Central congenital hypothyroidism (CCH) is a rare form of hypothyroidism, with an estimated prevalence of approximately 1 in 16 000–30 000 live births. CCH is characterised by low levels of free thyroxine (FT4) and inappropriately low serum thyroid-stimulating hormone (TSH).

CCH commonly occurs in association with other pituitary hormone deficits due to mutations in pituitary transcription factors. However, isolated TSH deficiency causing secondary hypothyroidism is particularly rare (OMIM: 275100), estimated between 1 in 65 000 births (1). Known genetic causes include defects in TSH signalling genes of the TSH subunit β (TSHB; OMIM: 188540), thyrotropin releasing hormone receptor, and immunoglobulin superfamily member 1 (IGSF1).

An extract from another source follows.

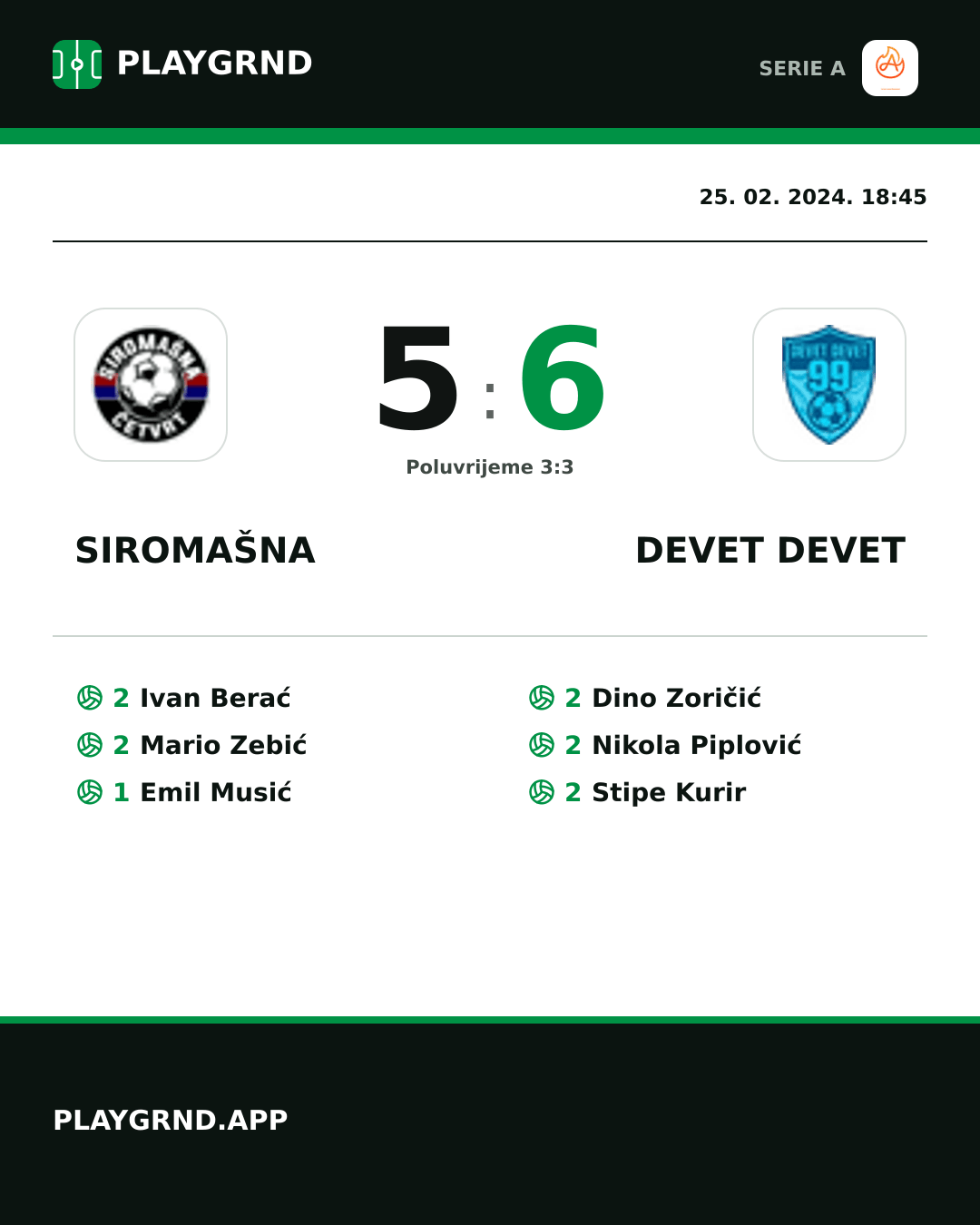 Instagram slika: Siromašna 5:6 Devet Devet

TSH is a member of the glycoprotein hormone family, which includes luteinising hormone, follicle-stimulating hormone, and human chorionic gonadotropin. All are heterodimers of a common α subunit and subtype-specific β subunit, which determines the biologic specificity. Therefore, biallelic pathological mutations in TSHB result in severe isolated TSH deficiency. In this report, we present a patient with CCH due to two compound heterozygote pathogenic variants in TSHB, with subsequent thyrotrope hypertrophy which occurred during several periods of non-adherence to thyroxine replacement therapy.

Case presentation

A 31-year-old Caucasian woman was referred to our Endocrinology department in October 2013 for ongoing management of TSH-deficient CCH. She was diagnosed with CCH as a neonate during investigation of neonatal jaundice. Her thyroid function tests showed a total T4 of 39 nmol/L (reference range: 126–214 nmol/L) and TSH which was unmeasurable by RIA. Anterior and posterior pituitary function tests were otherwise normal, and a brain CT showed no anomaly of the hypothalamus or pituitary. On full replacement thyroxine throughout infancy and childhood, she grew and developed normally and was supported very well by her parents who are nonconsanguineous. Aged 17 years of age, she had undergone trans-sphenoidal hypophysectomy to treat pituitary hyperplasia associated with headaches and threatened chiasmal compression. In retrospect, she admitted she was variably compliant with thyroxine replacement in her teenage years. She continued thyroxine replacement and was otherwise eupituitary following surgery.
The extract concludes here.